What Is An Arrest Warrant?
A Louisiana arrest warrant is an official document that gives a police officer the authority to arrest or detain the person or people named in the warrant. Warrants are signed by a judge or magistrate. To obtain a warrant, police officers will need to make a valid persuasive argument backed by objective evidence justifying the need for a warrant (show probable cause). Publicly available arrest warrants are available on the arresting agency’s website. Interested persons need only provide the subject’s name to perform an active warrant search on these websites.
In the state of Louisiana, warrantless arrests can be made in specific instances, such as when a police officer witnesses a crime or if a police officer has credible reason to believe an individual committed a crime.
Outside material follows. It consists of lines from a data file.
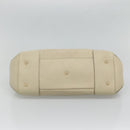 GUCCI GG Canvas Guccissima Pretty Tote Bag Leather Beige Gold 257063 Auth 129430-5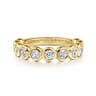 Straight Wedding Ring in 14k Yellow Gold with Round Natural Diamond at Gabriel & Co.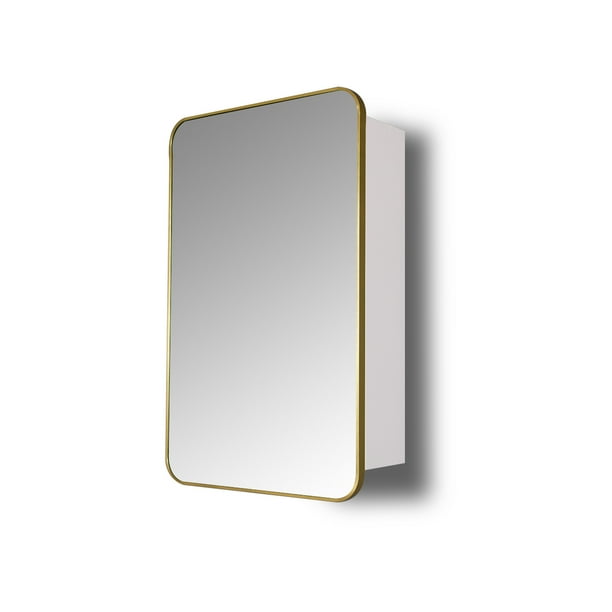 Better Homes & Gardens Brushed Golden Aluminum Frame Wall Mount Mirror
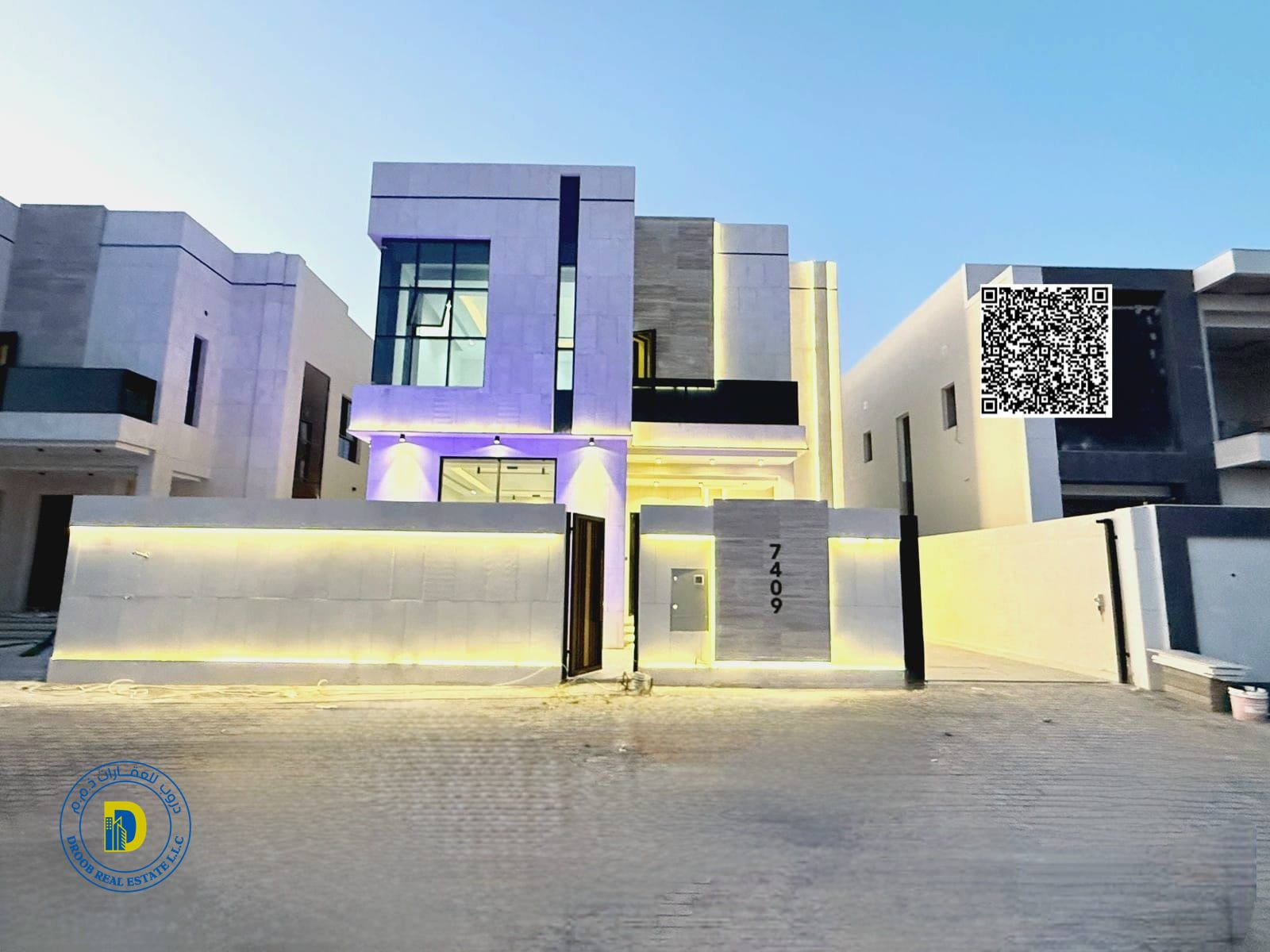 Luxury 4-bedroom villa with swimming pool for sale in Al Helio 2, Ajman. Registration fees. Bank financing, Freehold.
What Are Jail And Inmate Records?
Jail and inmate records are official documents of information about a person’s current and sometimes past inmate status. A person who is in jail or considered an inmate is someone deprived of his/her civil liberties while on trial for a crime or a person serving a sentence after being convicted.
The Louisiana Department of Public Safety and Corrections maintains a 24-hour inmate search system that is accessible to the public. Interested persons may call the offender locator phone system on (225) 383-4580.
What Is The Louisiana Sex Offender Registry?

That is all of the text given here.